## Part 1: Explore the Data

Import the data and use Pandas to learn more about the dataset.

In [None]:
import pandas as pd

df = pd.read_csv('Resources/client_dataset.csv')

df.head()

In [None]:
# View the column names in the data

df.columns

In [None]:
# Use the describe function to gather some basic statistics

df.describe()

In [None]:
# Use this space to do any additional research
# and familiarize yourself with the data.

## common commands to get additional information about the data

df.shape

In [None]:
df.info()

In [None]:
df.count()

In [None]:
## notes to self:

## most methods return a vew of the original data, to make a copy:
## deepcopy = df.copy()
## shallowcopy = df.copy(deep=False)

## ("row", "column") notation in loc and iloc
## iloc needs index values
## loc row data and column name

In [None]:
# What three item categories had the most entries?

cat_counts = df["category"].value_counts()
## To try to make my output match perfectly, adjusting a few series attributes
cat_counts.index.name = None
cat_counts.name = "category"
cat_counts.head(3)

In [None]:
# For the category with the most entries,
# which subcategory had the most entries?

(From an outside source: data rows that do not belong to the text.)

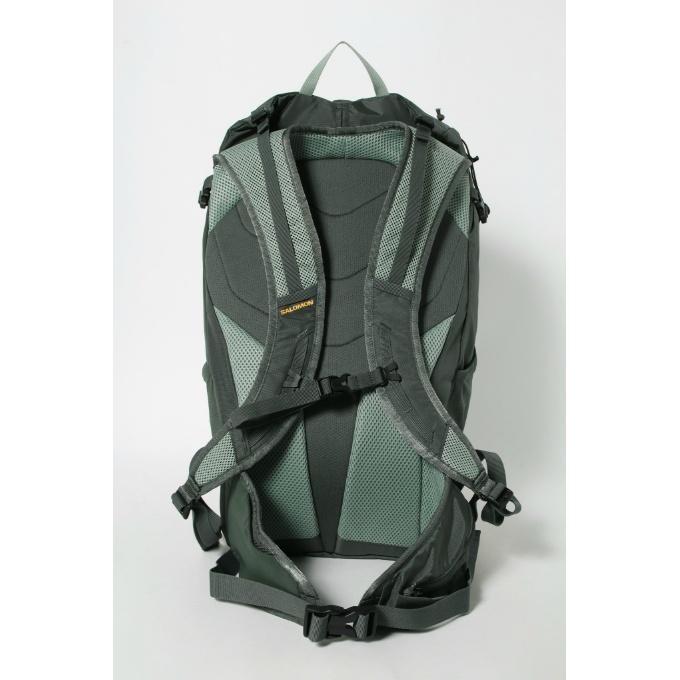 SALOMON（サロモン） バックパック TRAILBLAZER 30 LC2335900 salomon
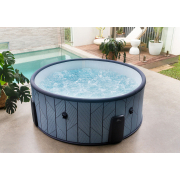 Bazén vířivý MSPA TIDAL-ECO F-TD066WE náhled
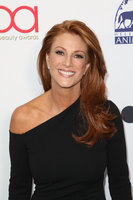 Angie Everhart t-shirt #3170541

## filter dataframe for just top category (cat_counts.index[0])
top_cat = df.loc[ df["category"] == cat_counts.index[0]]
## and count same as before
top_cat_counts = top_cat["subcategory"].value_counts()
## To try to make my output match perfectly, adjusting a few series attributes
top_cat_counts.index.name = None
top_cat_counts.name = "subcategory"
top_cat_counts.head(1)

In [None]:
# Which five clients had the most entries in the data?

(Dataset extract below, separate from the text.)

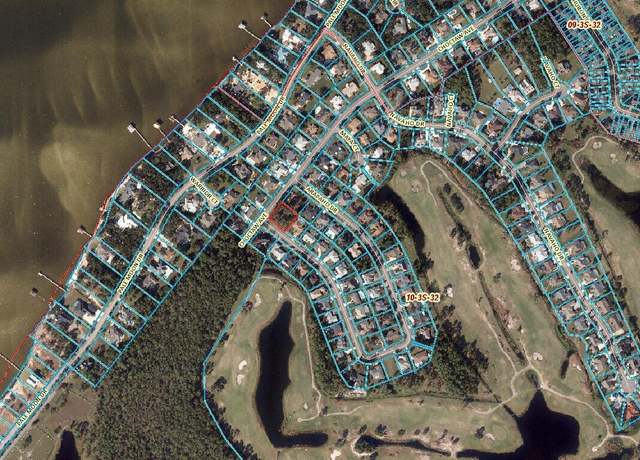 Property at 000 ARAPAHO Dr, Pensacola, FL 32507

top_clients = df["client_id"].value_counts().head(5)
## To try to make my output match perfectly, adjusting a few series attributes
top_clients.index.name = None
top_clients.name = "client_id"
top_clients

In [None]:
# Store the client ids of those top 5 clients in a list.

top_cli_list = list(top_clients.index)
top_cli_list

In [None]:
# How many total units (the qty column) did the
# client with the most entries order order?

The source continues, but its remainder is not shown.